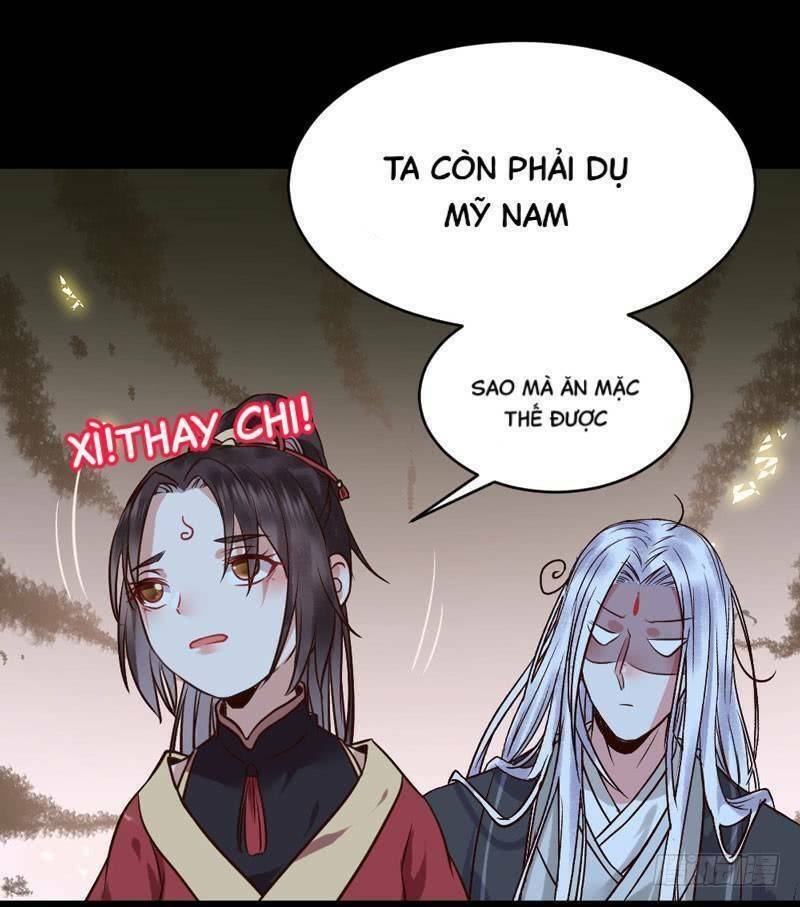 Tuyệt Sắc Quyến Rũ: Quỷ Y Chí Tôn - Chap 196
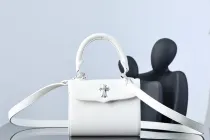クロムハーツバッグ CHROME HEARTS  2024新作 スリングバッグ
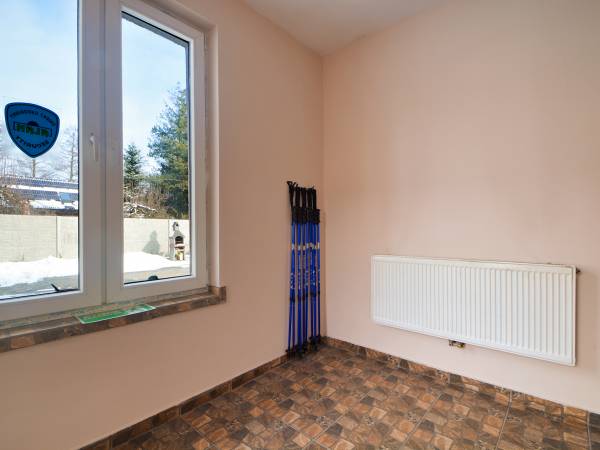 Pokoje Pracownicze RAM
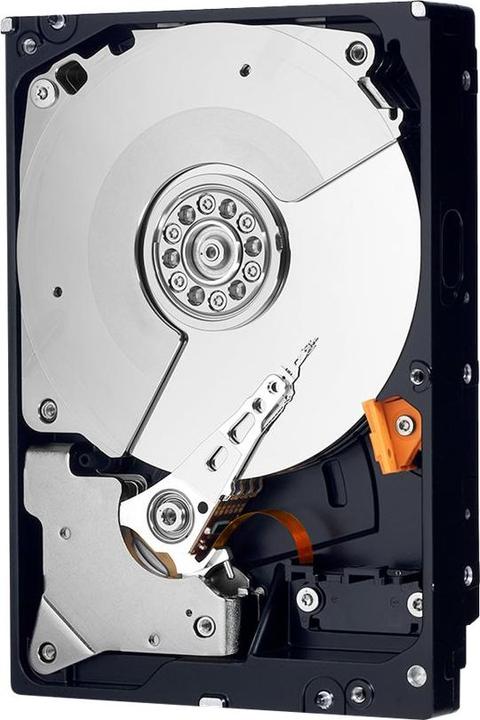 Produktbild WD Black (4 TB, 3.5", CMR)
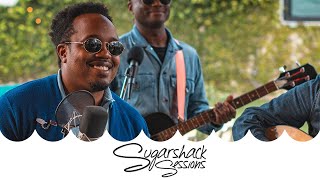 Video thumbnail of "Durand Jones & The Indications - Cruisin to the Park (Live Music) | Sugarshack Sessions"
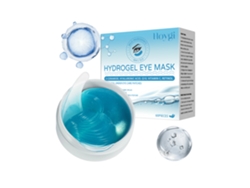 Parche hidratante para el contorno de ojos con retinol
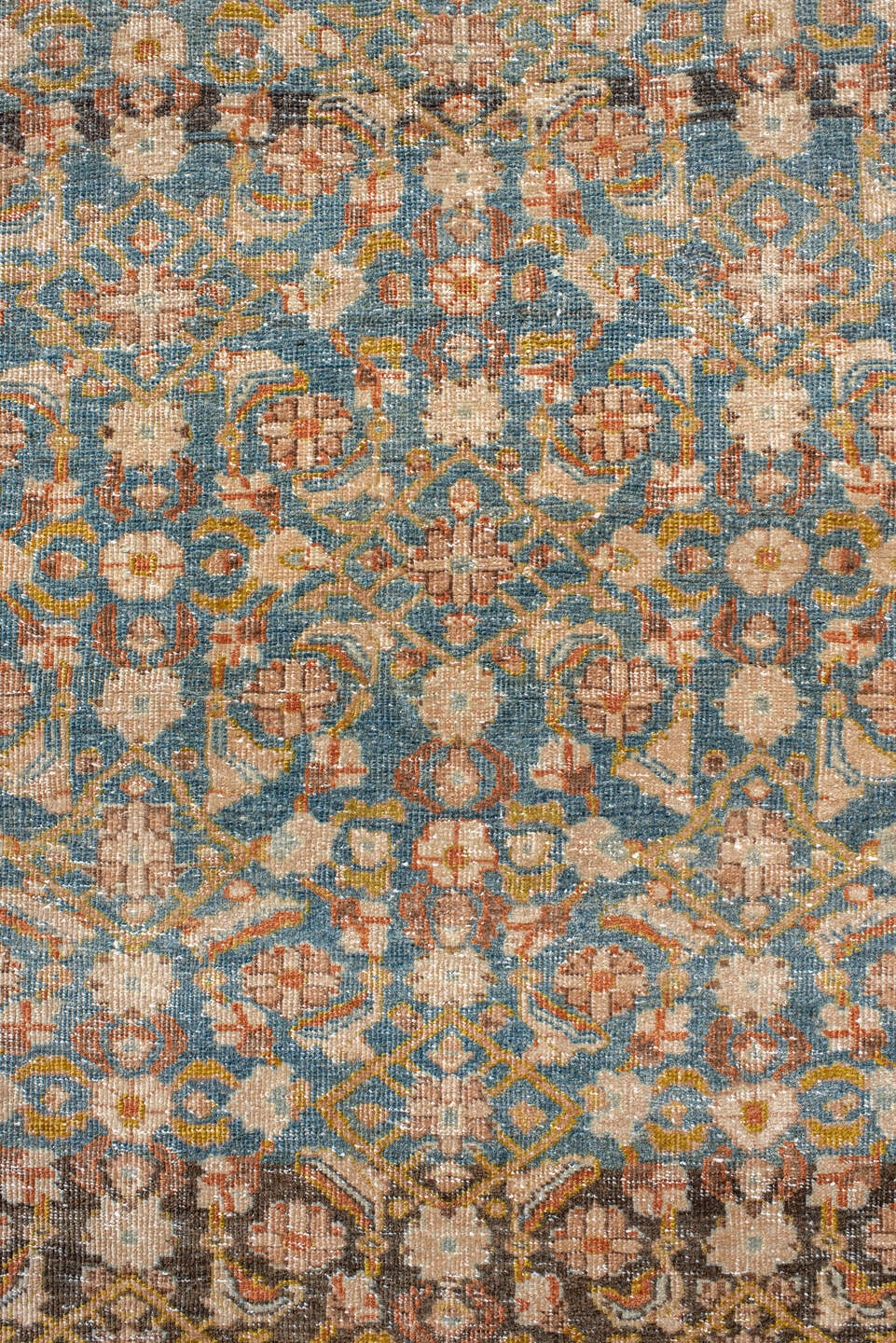 mahal Rug - # 125792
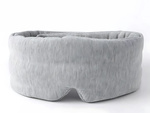 Blindfold for sleeping blackout mask soft better sleep relaxation
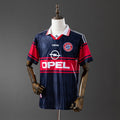 Bayern Munique Principal 1997/99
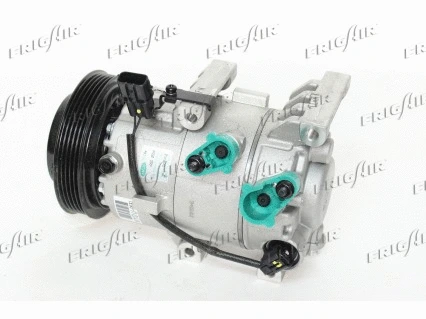 Compressor, air conditioning (920.81129)
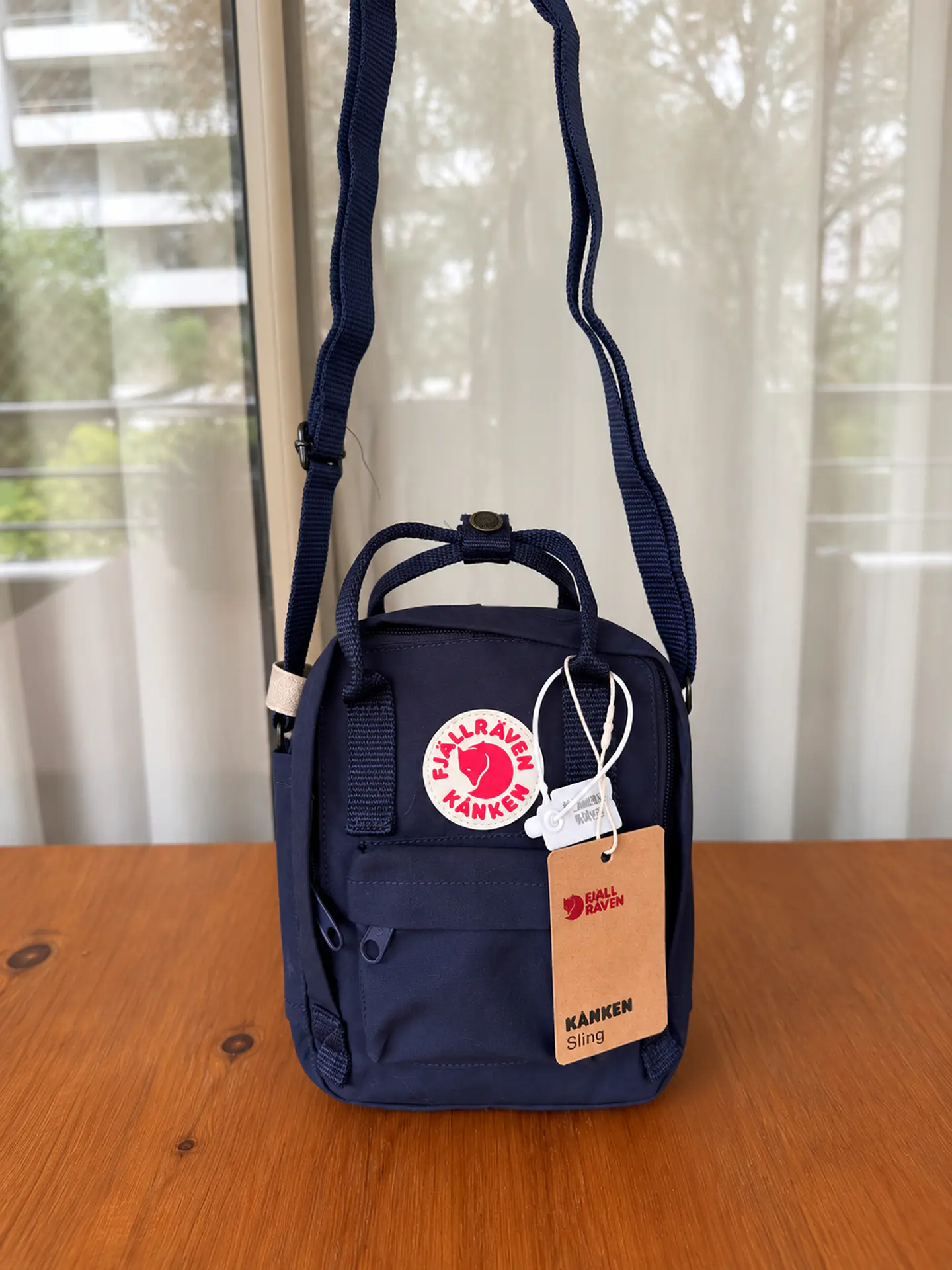 Cartera Kanken Sling - Fjallraven 1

☆ ☆ ☆ ☆

* _Exercise brief_: From the line containing "Blindfold for sleeping" down to the last line of the data, print every line exactly and nothing else. Pictures stay out of the copy.

* _Written response_:
 Blindfold for sleeping blackout mask soft better sleep relaxation
 Bayern Munique Principal 1997/99
 Compressor, air conditioning (920.81129)
 Cartera Kanken Sling - Fjallraven 1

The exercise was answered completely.